Do you support the theory of Professor Agostino Borromeo, historian and current Lieutenant General of the Order, that the founding of the Order of the Holy Sepulchre was unrelated to the Crusades?
It is my opinion that the Order was not founded during the Crusades, but only afterwards, and I came to this conclusion based on the research of previous historians and Professor Borromeo, with whom I had the pleasure of being able to discuss this. The first Latin kings of Jerusalem founded the chapter of the Canons of the Basilica of the Holy Sepulchre, the cathedral of the Latin Patriarchate, and transformed it into a regular chapter. From this chapter was born the Order of Canons, which continued to live in Europe and its female branch still exists today. But the Canons were not Knights, and one cannot confuse the two, as was often still done in the 20th century. But we cannot say that the Order has no link with the Crusades or with the person of Godfrey of Bouillon: without the phenomenon of the Crusades, without the person of the great Crusader king who became one of the “nine valiants”, we would not have the powerful idea of Christian chivalry, which defends the sacred places of Jerusalem and helps Christians there.

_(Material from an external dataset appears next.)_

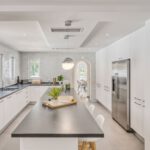 Villa Beleza da Penina | Holiday rentals Portugal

This was the original idea, onto which the Franciscans grafted the knighthood of the Holy Sepulchre. Godfrey and the Crusaders are not our founders, but reference persons, bearers of the idea that generated and formed us.

What can be found in the Czech archives on the history of our Order?
For me, that was the biggest surprise of all my research. From our archives, but also from the collections of the Latin Patriarchate and the Custody, I have been able to identify more than 200 Knights of the Holy Sepulchre of Czech origin, starting with the oldest in the 15th century. We have also been able to write the history of the Czechoslovak Lieutenancy, founded in 1929, but which disappeared during the Nazi occupation during the war and especially during 40 years of the totalitarian communist regime. Only after that, the life of the Order in the Czech Republic slowly resumed, heir to such a full past.

Do you have other plans for historical research on the Order?
With my book, the work has just started for me. I think it would be especially useful to revive the International Historical Commission, which existed at the end of the 20th century and which prepared the famous Lateran Symposium in 1996. While writing the book, I realised, and meetings with Prof. Borromeo confirmed this for me, that not enough is known about the history of the Order in the 20th century, about the formation of the first Lieutenancies, their life and successive development. And yet, as we know, the life of the Order happens in the Lieutenancies. It would be a collective work, to write history from that point of view, because it is beyond the realms of possibility for an individual. And this very work carried out together could give a new image of our history because the Order is not an individual, but a fraternity, as our Grand Master teaches us so well in strong continuity with Pope Francis. My dream is to be able to participate in this work, as part of this professional community at the service of the Order.